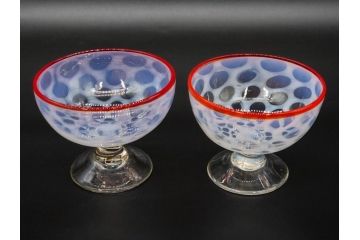 当時物　大正〜昭和初期　碗型　乳白水玉　赤縁　日常に彩を与えてくれる氷コップ2客セット(吹きガラス、硝子、グラス、和ガラス)(R-083143)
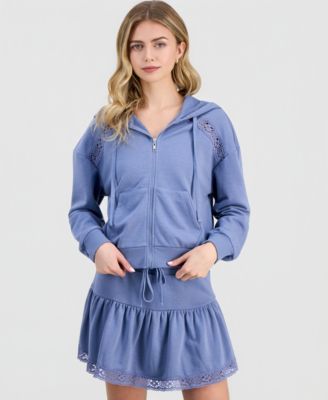 Juniors' Crochet Long-Sleeve Hoodie image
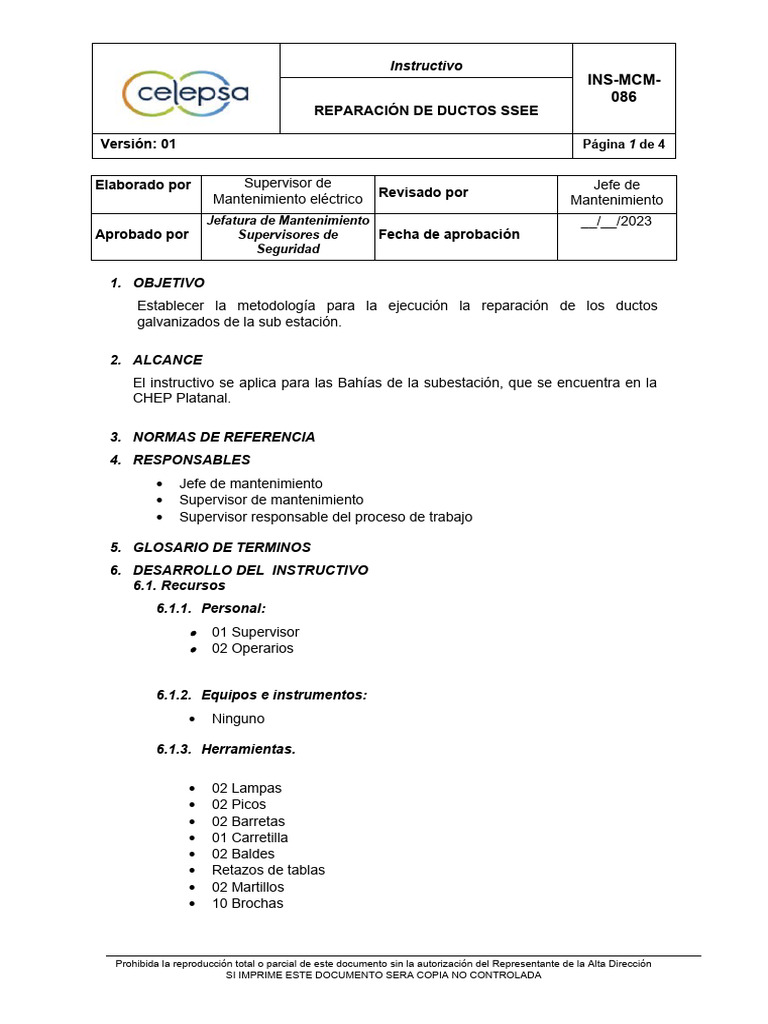 Reparación de Ductos en Subestación SSEE | PDF | Ingeniero civil ...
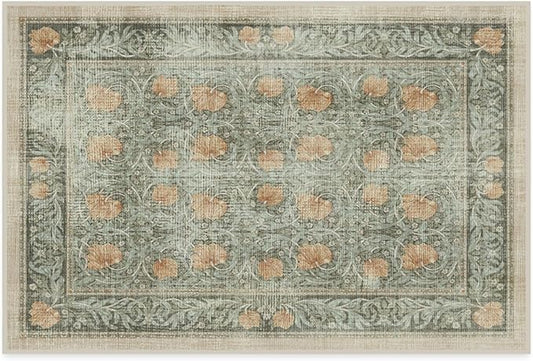RUGGABLE x Morris & Co Machine Washable Area Rug – Pimpernel Vintage Green 2x3, Stain-Resistant, Non-Slip – Small Rugs for Living Room, Bedroom, Hallway, Entryway & Bathroom–with Cushioned Pad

WORK REQUIRED
An exact copy of the material above is required, minus its images.

THE COMPLETED TASK
 当時物　大正〜昭和初期　碗型　乳白水玉　赤縁　日常に彩を与えてくれる氷コップ2客セット(吹きガラス、硝子、グラス、和ガラス)(R-083143)
 Juniors' Crochet Long-Sleeve Hoodie image
 Reparación de Ductos en Subestación SSEE | PDF | Ingeniero civil ...
RUGGABLE x Morris & Co Machine Washable Area Rug – Pimpernel Vintage Green 2x3, Stain-Resistant, Non-Slip – Small Rugs for Living Room, Bedroom, Hallway, Entryway & Bathroom–with Cushioned Pad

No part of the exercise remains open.